Task description:
Only the lines from the beginning of the data through the line holding "1190 Summit Loop, Grants" belong in the answer, printed exactly and without pictures.

Source data:

------------------------------------------------

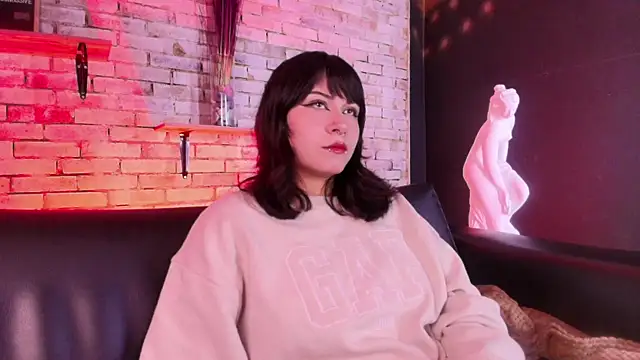 Snapshot of kitty_malach chatting on 02-21-26, 03:29 kitty malach online show from 02-21-26, 03:29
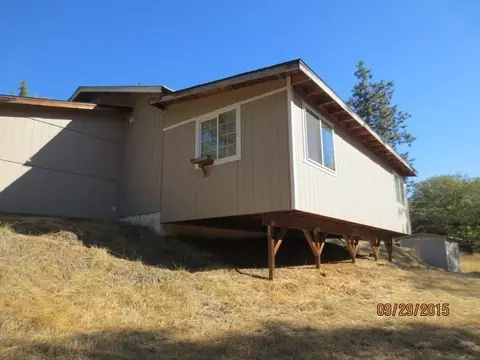 1190 Summit Loop, Grants Pass, OR 97527 photo 9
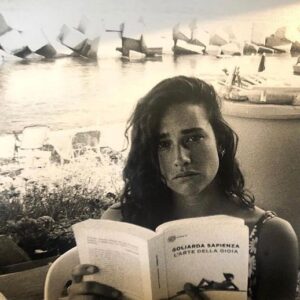 Teresa Romagnoli Instagram - foto ritrovate di agosto 2020. @lottyantonelli scatta con la sua usa e getta mentre leggo un libro che poi è diventato uno dei miei preferiti. non ero triste quel giorno, chissà che parte di libro stavo leggendo. mi sa che lo devo rileggere. che bella estate quella del 2020 .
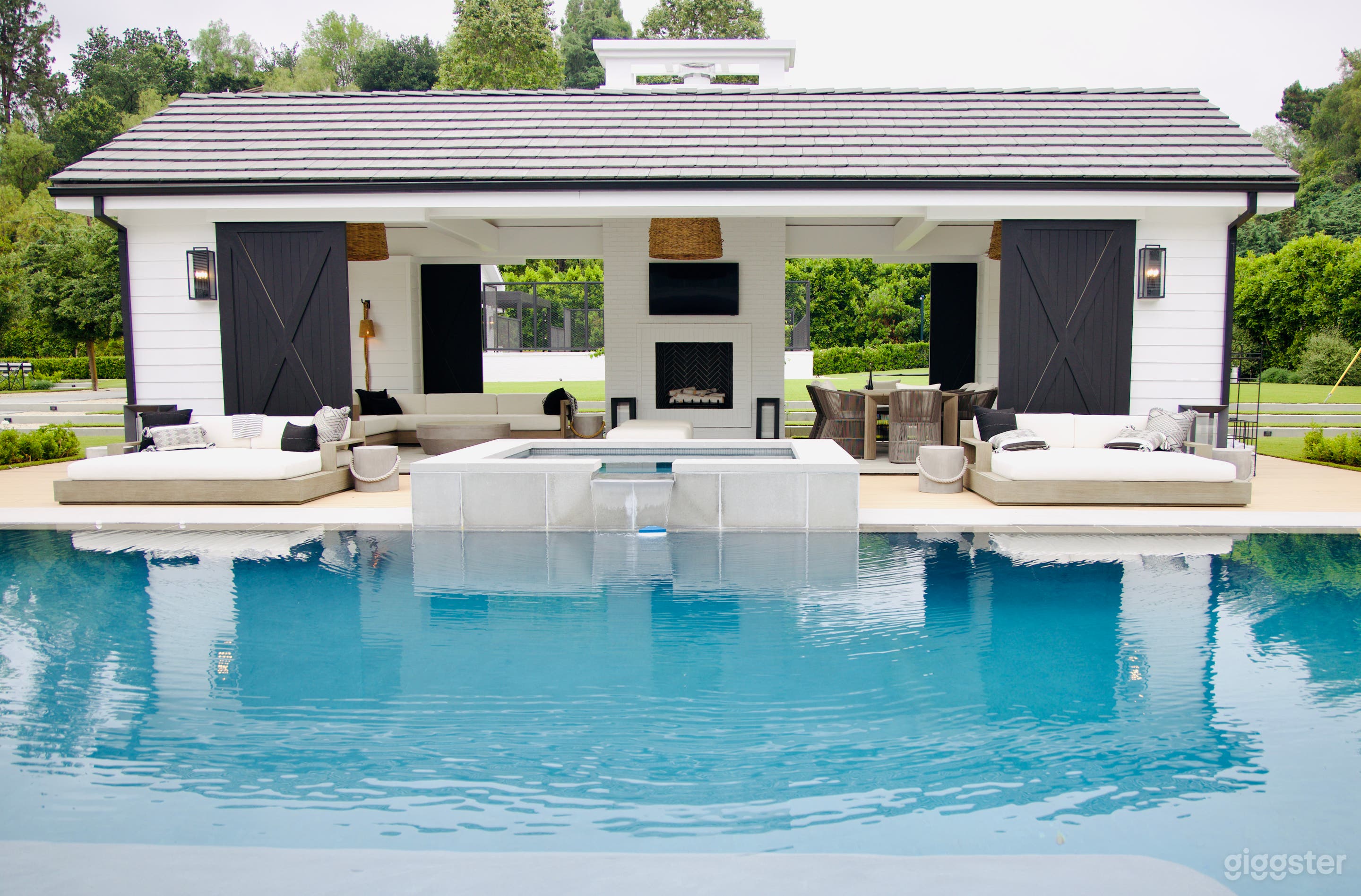 Exquisite Mansion Backyard  Photo 1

------------------------------------------------

Answer space:
 Snapshot of kitty_malach chatting on 02-21-26, 03:29 kitty malach online show from 02-21-26, 03:29
 1190 Summit Loop, Grants Pass, OR 97527 photo 9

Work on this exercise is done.